Parecemos socialmente escindidos como en los dos mundos de la película Metrópolis (1927) de Fritz Lang. Si le creemos, para el 2026, los obreros vivirán en un gueto subterráneo y la “beautiful people” en amorosos vergeles con acondicionados diseños. Según vislumbra, la sociedad se ha escindido en dos grupos enfrentados pero uno mira desde los rascacielos y otro vive bajo la ciudad. La élite de propietarios y pensadores de arriba se asientan en el esfuerzo de los obreros de abajo. Preferiría que se equivocara y haber recomendado una impertinente película. Pero no las tengo todas conmigo.
¿Puede evitarse esta escisión social? Cabe que los representantes y los grandes operadores económicos hagan muchos más esfuerzos de austeridad. Han hecho muy pocos sacrificios. El problema no es reciente. Uno de los grandes diseñadores de nuestras sociedades desarrolladas, Emmanuel Sieyès, justificó la sociedad contemporánea en la eliminación de los “privilegios” y la preeminencia de los más competitivos. ¿Pero quién se hace cargo hoy de la competitividad de los grandes directores de la economía? Si quiere acertar, invierta al contrario de lo que le indican los “Institutos de Predicción Económica”. Ni el mejor gurú económico tiene un pago justo y no excedido. El espíritu del capitalismo surgió con un ideal de esfuerzo puritano. El empresario –de Max Weber- era un Santo que racionalizaba oferta y demanda introduciendo productos de posible y real utilidad social (no “hipotecas basura”). Pero ya vislumbró un capitalismo más allá del bien y del mal, del todo vale. Y ahora tenemos un gran enredo armado.

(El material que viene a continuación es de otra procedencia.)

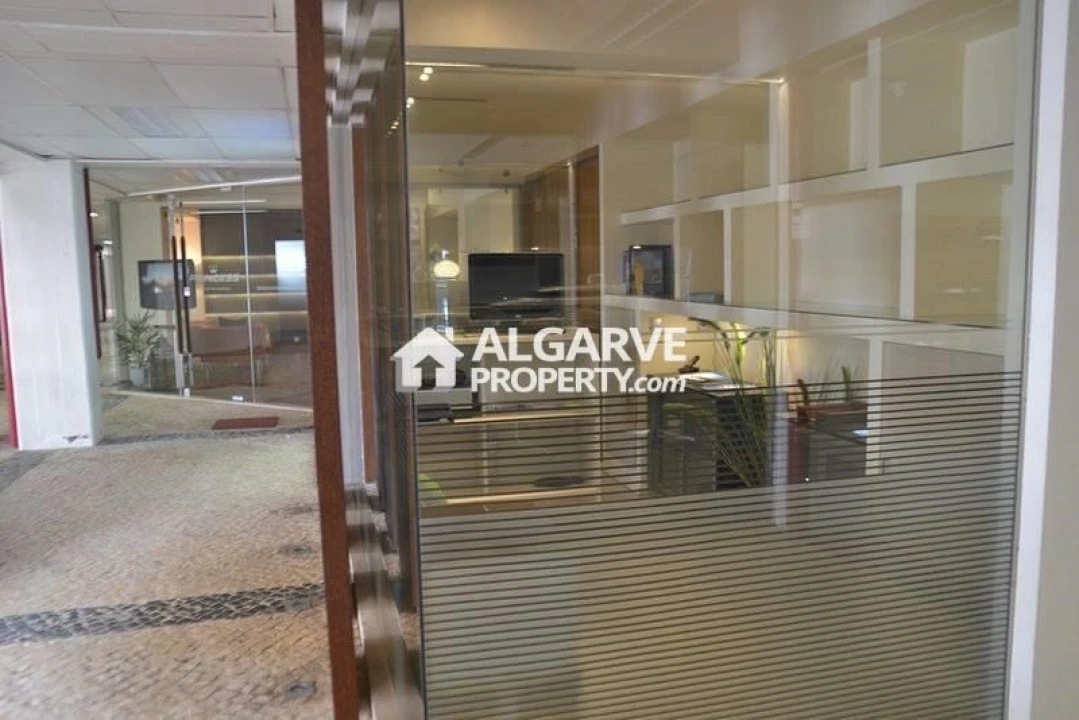 Negócio para Venda em Quarteira Foto 8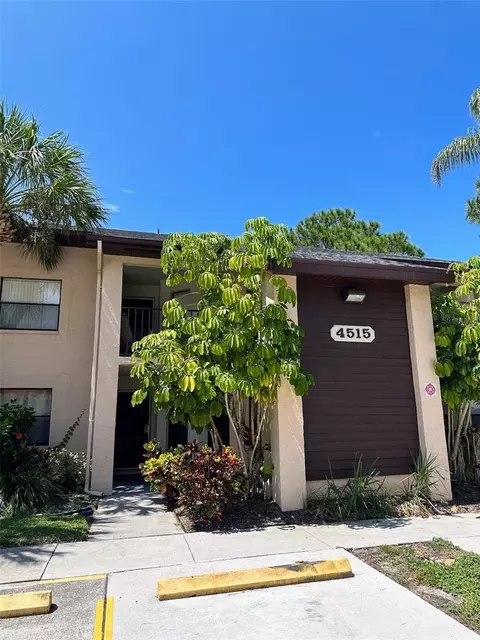 4515 45th Ave W #203A, Bradenton, FL 34210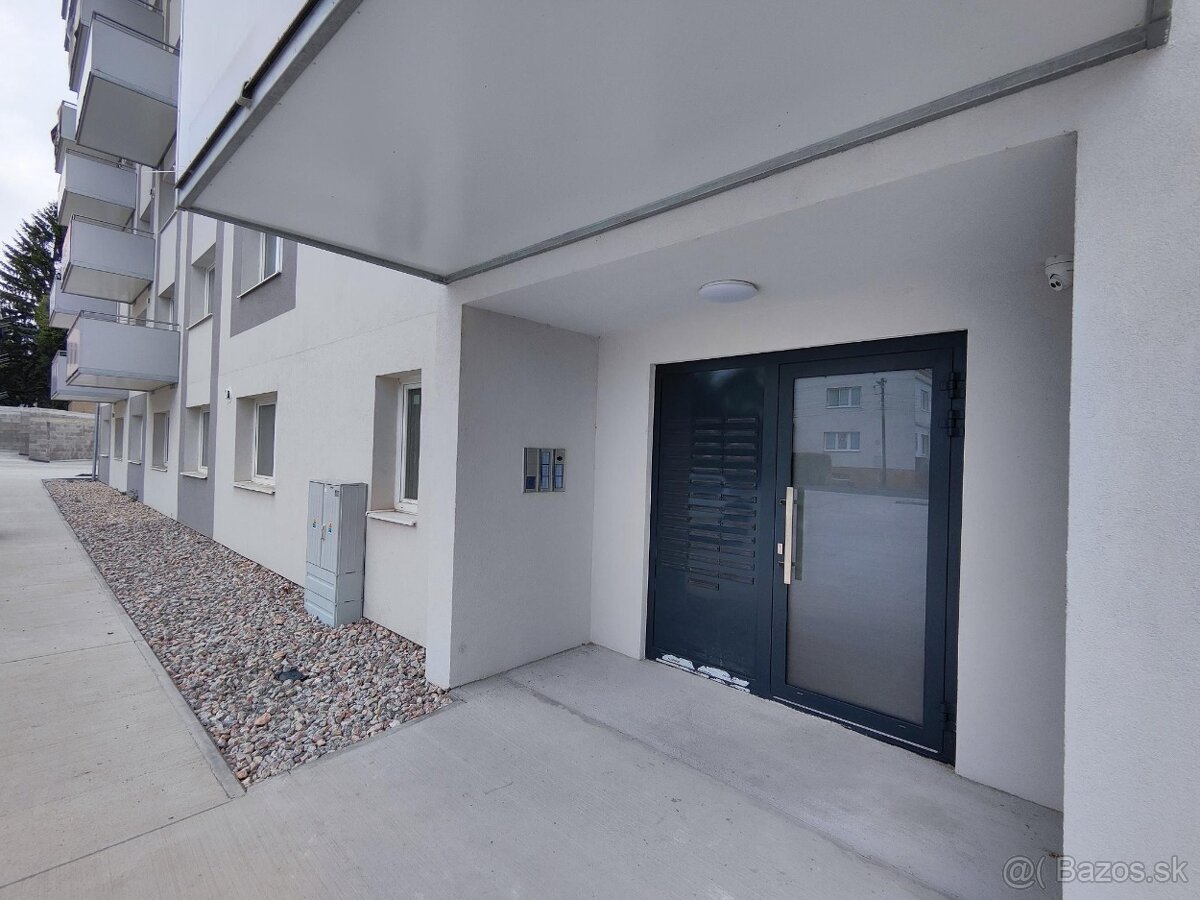 🏡 Na prenájom moderný 2-izbový byt v Rezidencii Majakovskéh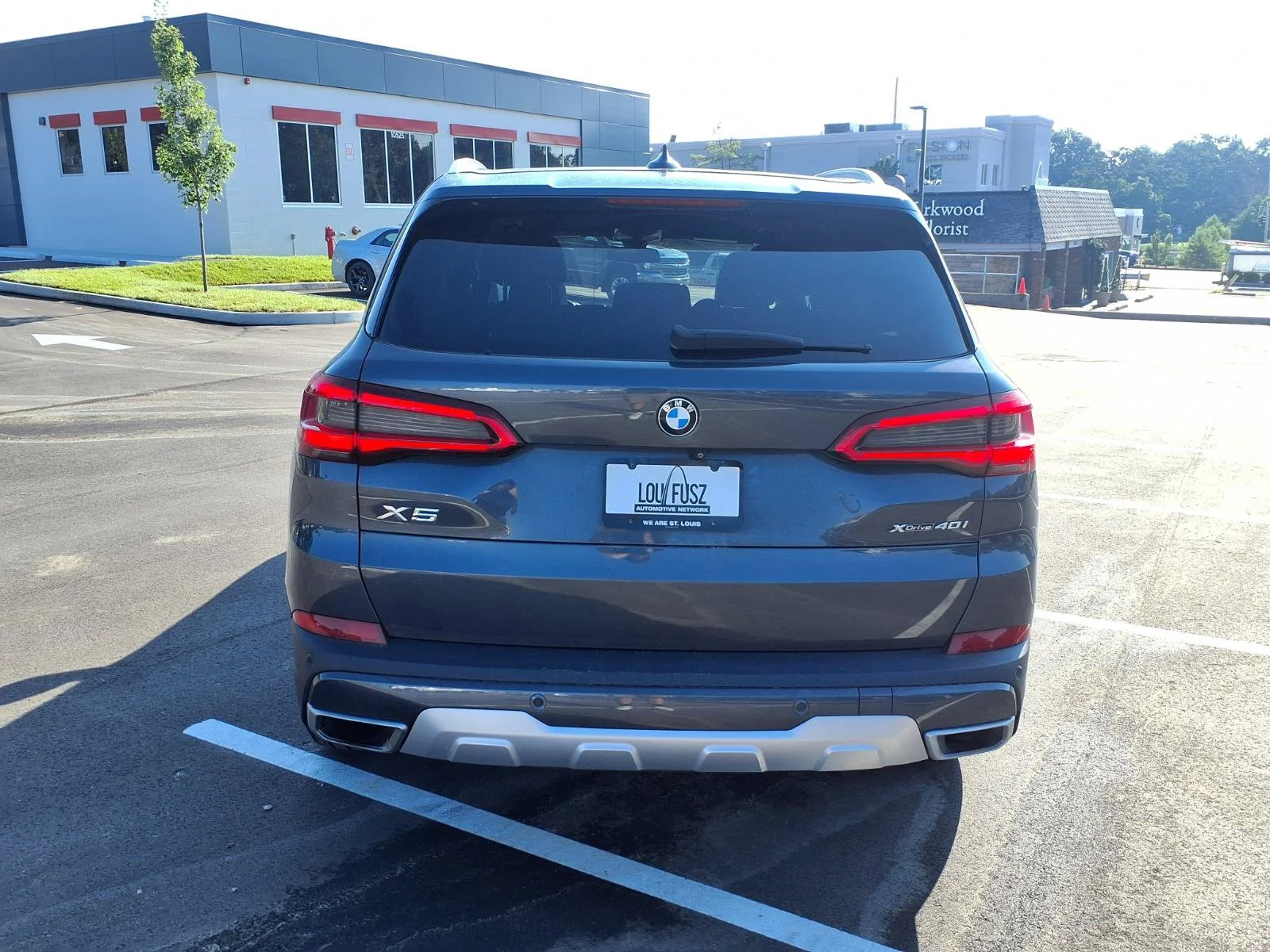 Used 2019 Arctic Gray Metallic BMW xDrive40i image 27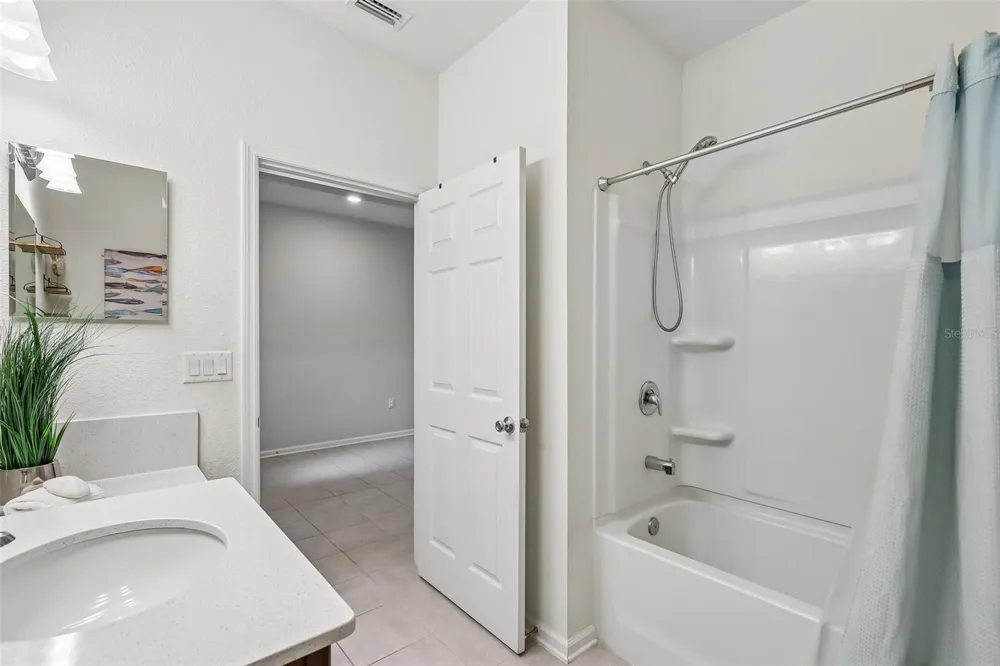 3077 HAWKS HILL LANE Jacksonville, FL 32216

La modernidad partió la sociedad en dos. De una parte, la sociedad política dedicada a la llevanza política de todos. De otra, la sociedad industriosa empleada en la fabricación de alfileres en serie. Así se edifica una élite pero no se allanan los problemas en una resolución colectiva con representantes. Esta división política, que aparta a la mayoría de la discusión y comprensión de los problemas, desmantela la sociedad. Desde entonces, se ha implantado en el imaginario colectivo como el Muro entre representantes y electores. La reacción del hombre de la calle no sale del asombro: ahora resulta que el sistema financiero español requiere cien mil millones de euros. Insólito. No sabíamos nada. Urge explicar las causas, los errores, las decisiones y, sobre todo, rendir cuentas. Los ciudadanos no podemos soportar los efectos de tantos dislates. Si el Estado abandona cualquier misión de protección social y no disminuye las distancias entre las rentas sociales, la pendiente social arrastrará a todos. Ni el miedo ni el abatimiento propiciarán los cimientos de una sociedad con iniciativa. Estamos sumidos ya en la depresión del “Crack-Up”. No contribuyamos a ahondar más la grieta social.